私達「北海道農民管弦楽団」は、1994年夏に脱サラ農民3名からスタートし、1995年1月に第1回演奏会を開催して以来、年々仲間を増やしていき現在は約70名で活動しています。農家や酪農家、農業関係者らが中心となり宮沢賢治が成しえなかった夢を現代へ甦らせる試みで「鍬で大地を耕し、音楽で心を耕す」をモットーに毎年農閑期の11月頃から練習をし冬に1度の演奏会を北海道内で開催しています。
「ウィーン・フィル&サントリー音楽復興祈念賞」の受賞は、第1回(2013年)花巻公演、第4回(2016年)名寄公演に続き3度目となりました。回を重ねるごとに賞の重みも感じているところです。早いもので北海道全域がブラックアウトに見舞われた北海道胆振東部地震から2年が経ちました。今回はその被災地での公演を行いました。曲目はなるべく堅苦しいものではなく、現地のお客さん(子どもからお年寄りまで)に楽しんでいただけるように、プログラムも工夫して、“農民オーケストラ版音楽教室”の雰囲気で、そしてこれまででは初の試みで2日公演というものでした。
初日(1月31日)は、日曜日の公演地である安平町の公民館に寄ってホールのステージ上と客席のセッティングを大まかにして、むかわ町へ。これまでに数回視察や打ち合わせの為に訪れていた被災地ですが、未だに道路や橋が復旧中で迂回をしたり、崖が崩れていたり仮設住宅が建っていたりと・・・札幌から約1時間の被災地(震源に近い)の現状は、復興半ばという印象でした。
金曜日ということもあり、この日は出席可能なメンバーでのリハーサル。むかわ町四季の館は「道の駅」「ホール」「ホテル」と繋がっている複合施設で、練習の合間にホテルの客室へ戻って休憩をしたり、宿泊者専用の温泉に浸かったりと、とても便利な施設です。ホール客席は可動式ですが、春先に視察に訪れた際は、先の地震で可動式座席が故障してしまって・・・私達の公演に間に合って本当に良かったです。

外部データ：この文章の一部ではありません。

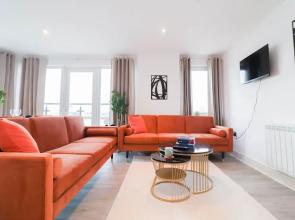 Stunning Riverside Apartment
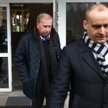 Aktor, reżyser Jerzy Stuhr opuszcza po zakończonym przesłuchaniu siedzibę Prokuratury Rejonowej Krak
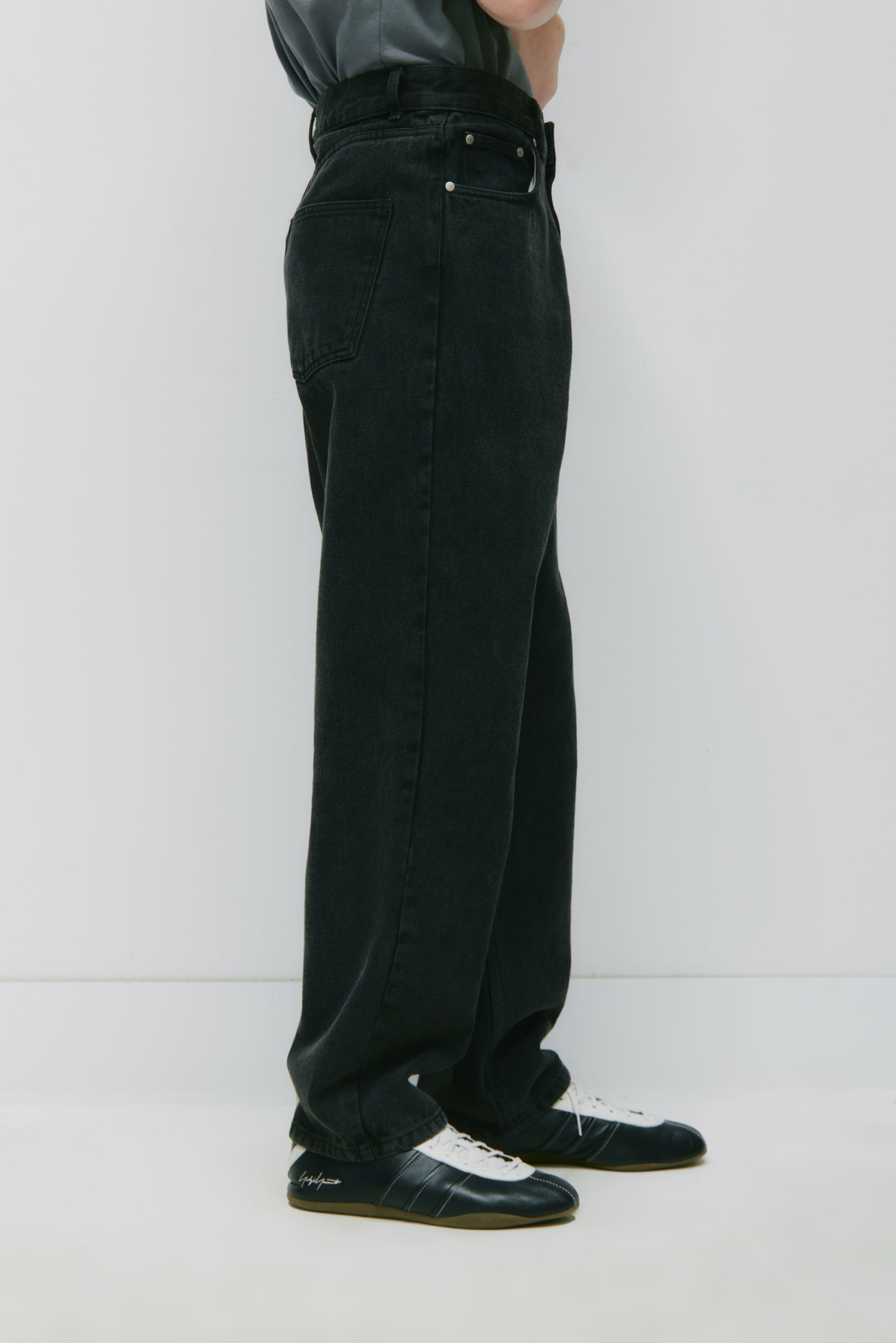 Unisex Antifit Denim in Washed Black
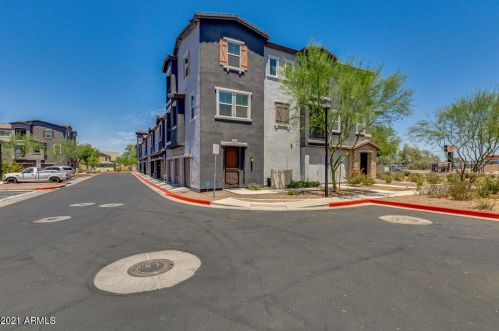 5851 23rd Way, Phoenix, AZ 85040-3499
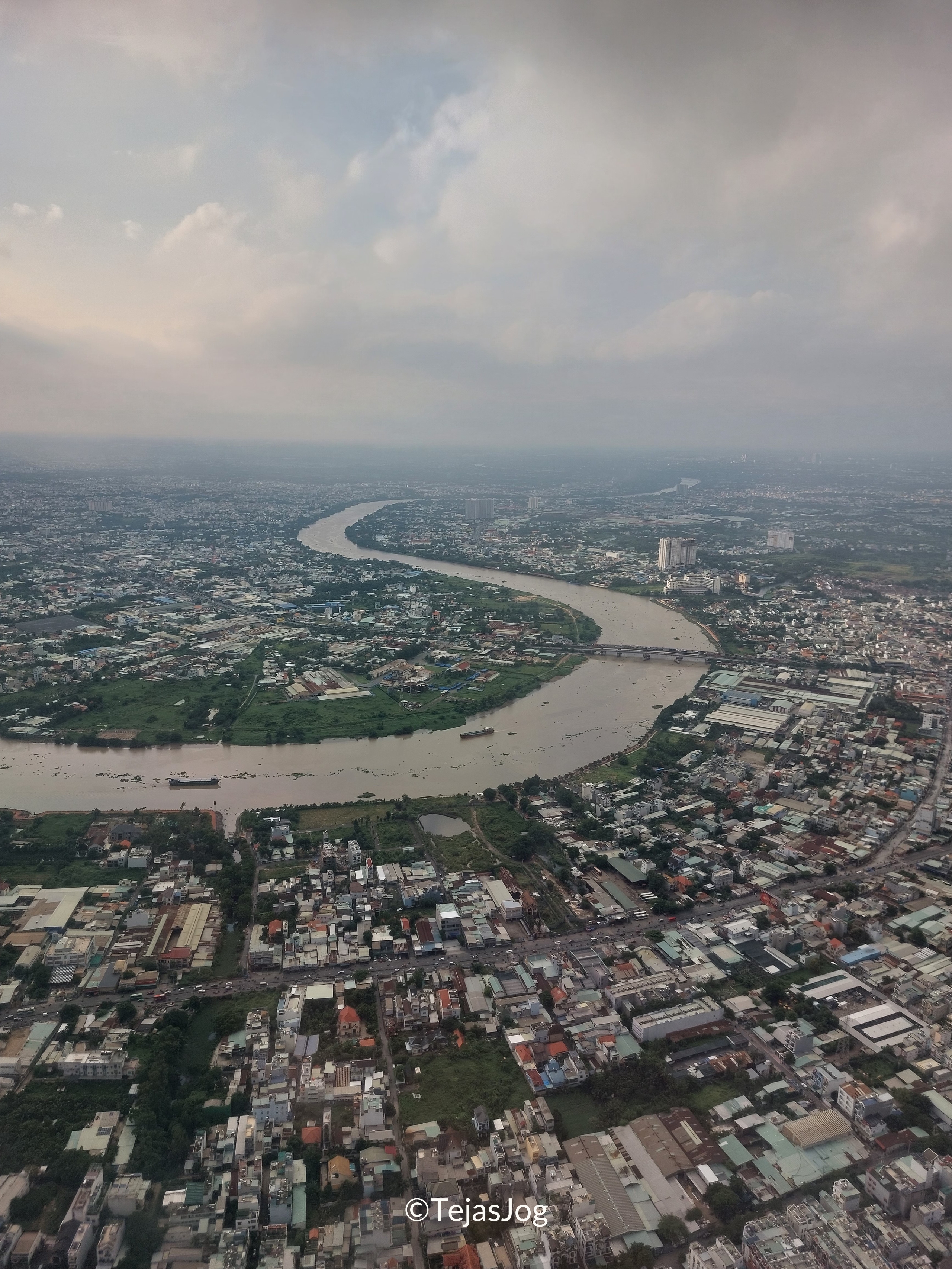 Approaching Saigon on Vietjet Air 894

2日目、いよいよ現地で共演する楽団、鵡川高校、鵡川中学校、穂別高校、穂別ウィンドアンサンブルも加わり「威風堂々」は大迫力。むかわ町の特産は「ししゃも」ですが、鵡川高校、鵡川中学校の両校吹奏楽部は普段から「Shishama Youth Wind Orchestra」として地元のイベントやコンサートにも出演しているとのことです。
当団の牧野代表が私達の姉妹楽団である東北農民管弦楽団(代表・白取克之)からの委嘱により作曲した「農民のためのファンファーレ」を冒頭に演奏。この曲は宮沢賢治が作曲した「星めぐりの歌」がモチーフになっています。むかわ町と合併した旧・穂別町は賢治が目指した理想の村づくりが1947年から行われ、現在も観音堂には賢治の故郷・花巻の仏師による「賢治観音(聖観世音菩薩 せいかんぜおんぼさつ )」が安置され、旧富内駅は賢治が描いた理想郷「イーハトーブ」をイメージして「銀河ステーション」と名付けられている。駅前には、賢治設計の花壇「涙ぐむ眼」、また、近くには図書館「イーハトーブ文庫」があり、賢治ゆかり地だそうです。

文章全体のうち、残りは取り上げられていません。